Part of the open nature of the ILLEST Lab for this group of participants was giving them free rein to select, design, and construct a project for their six-month duration. This was a considered option, primarily based on the early interactions with the students, where they made it evident that they were not allowed to have a voice in the overall project selections at their respective makerspaces. The students expressed that not being able to select or have a voice in the selection of their maker projects made them feel unvalued at their respective makerspaces. Using observations and curating their produced artifacts, we began to map how long each mentor-mentee group would think about a project, design, and create an order list. We documented the conversations across the various months and took photos and videos of the paper prototyping of their initial project designs.
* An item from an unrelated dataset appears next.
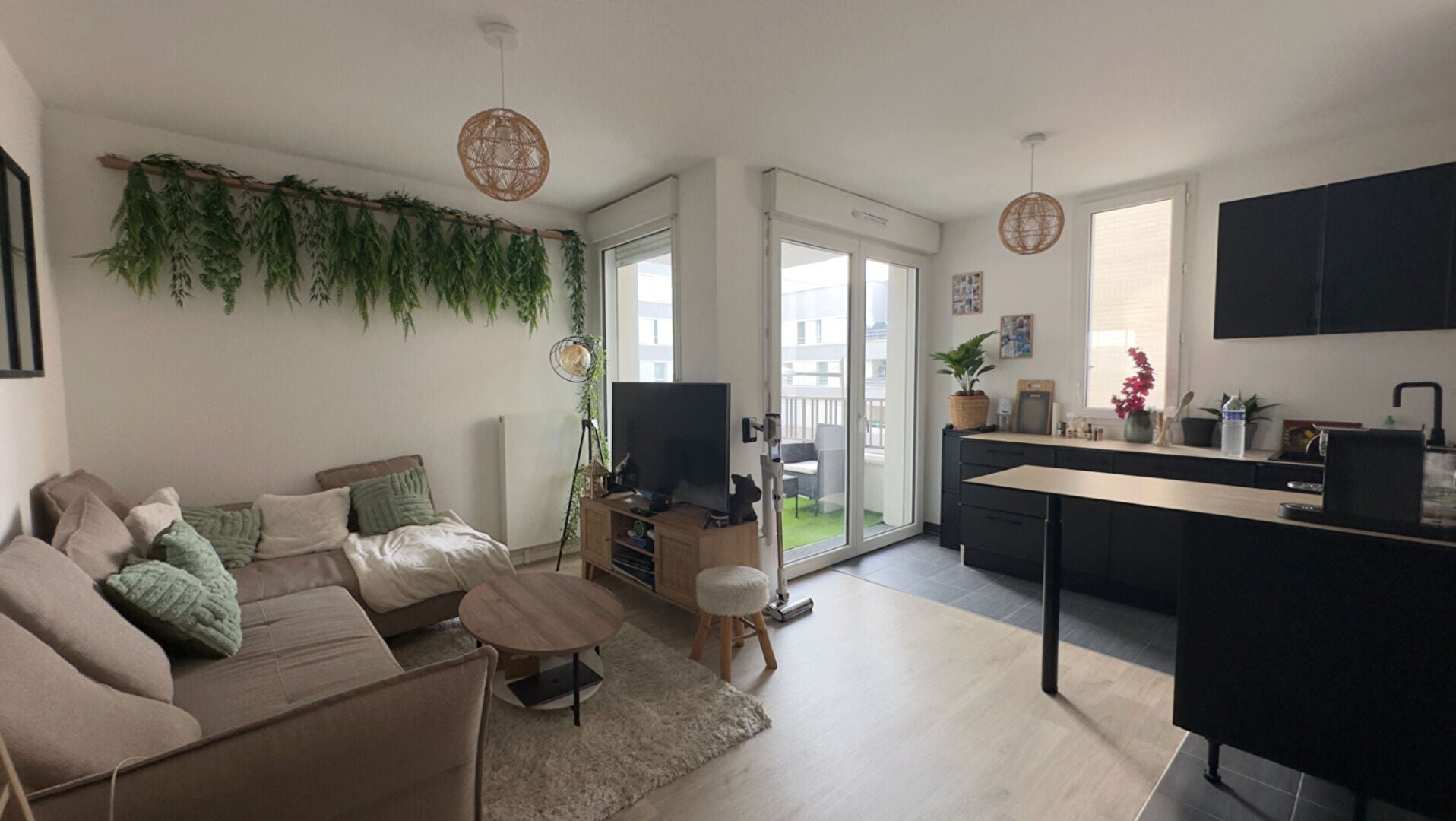 Appartement Place Henri Deudon à Athis-Mons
Each pairing began the process of creating a parts list, which would be ordered through the ILLEST Lab and delivered for them to begin their projects. We also documented the emails and digital conversations between the pairings while the participants were off-site as they continued to prepare for the projects. Ultimately, due to the winter and spring holiday breaks, there were gaps in the ordering and completion of the projects. However, the main part of the data collection was surrounded by the creative process of the pairings, focused on the participants themselves and their agency toward their maker project.
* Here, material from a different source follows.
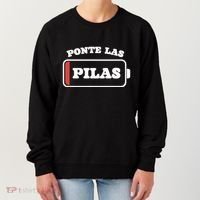 Ponte Las Pilas Dead Battery Women's Sweatshirt thumb 0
As the year ended, some participants expressed joy in being in a space that provided them an open family-style environment to engage in science and engineering. For many participants, continuing to attend the after-school program became difficult due to other commitments. As we sorted through the data, we realized that two particular students stood out as having 100% attendance and provided a thoughtful insight into their feelings and what took place at the ILLEST Lab. The difficulty of getting all of their voices shared in our findings came down to the difficult decision of picking the two dominant voices to help provide insight into our findings. Each student provided a clear discussion about gender and racial barriers that they found in their respective makerspaces and how the ILLEST Lab provided a space to help explore and navigate these tensions.

Unstructured Play in the Role of Social Interaction

Darius, a participant, would come into the ILLEST expressing the need to rest and recover from a long day at school. Ultimately, he wanted an opportunity to relax, engage, and be open, which was one of the fundamental things missing at the makerspace in his school. “Yo, they just always pressuring me, and I don’t know how I feel.” At his school’s makerspace, Darius explained that they discussed his need to be in some form of leadership, as few racialized minority students participated. He did not want or feel comfortable starting in a leadership role and wanted first to be a part of the community and learn. “I just never was given an opportunity to kind of just you know, find myself and really be able to understand my role.” This sentiment was a constant theme from Darius when discussing his struggles with being placed in a leadership role.
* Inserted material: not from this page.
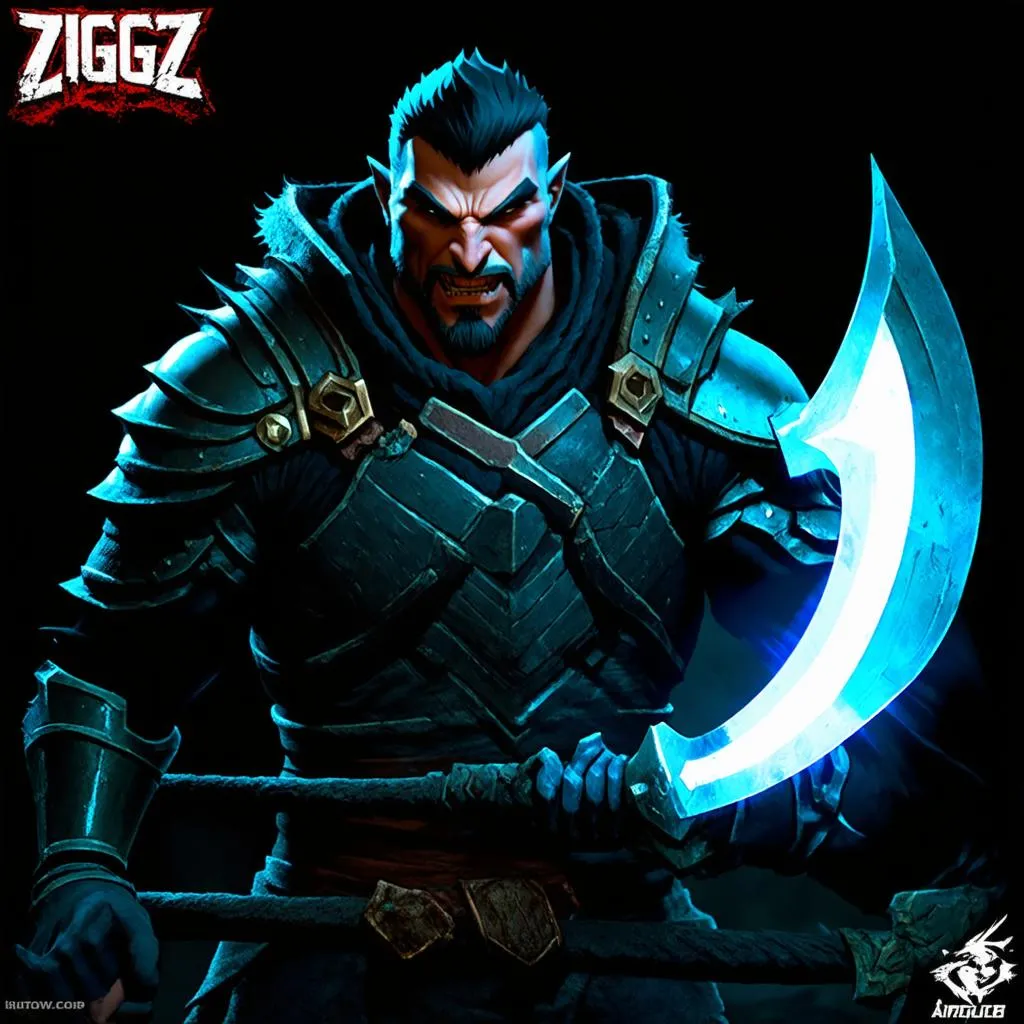 ziggz-character-game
When asked if he felt he was being pushed or singled out, his answer was very direct: “I think they just want to give me some type of opportunity to say something. But that’s just not me.” In his interview, Darius talks about how his identity formation had not yet flourished or been given the opportunity to grow.

When asked how his experience at the ILLEST differed, Darius provided a contrasting set of realities, stating, “When I come here, I can just chill. Maybe get something to eat and then think a little bit with my friends.” A community was starting with the four other participants. Darius, who was familiar with the other four participants before coming to the ILLEST through other communities in and around Philadelphia, felt it was important that he started to build community with his peers.

Multiple times throughout the months, Darius was found discussing music, comic books, and the latest sneakers he wanted to buy. Seldom Darius was asked to get back on task or asked to produce a deliverable. During an interview, Darius highlighted this engagement: “It seems that in this space, you guys don’t sweat me as much. You allow me to kind of figure things out.” There is a particular discussion around the flexibility of the space to give him time and opportunity to feel confident at the ILLEST.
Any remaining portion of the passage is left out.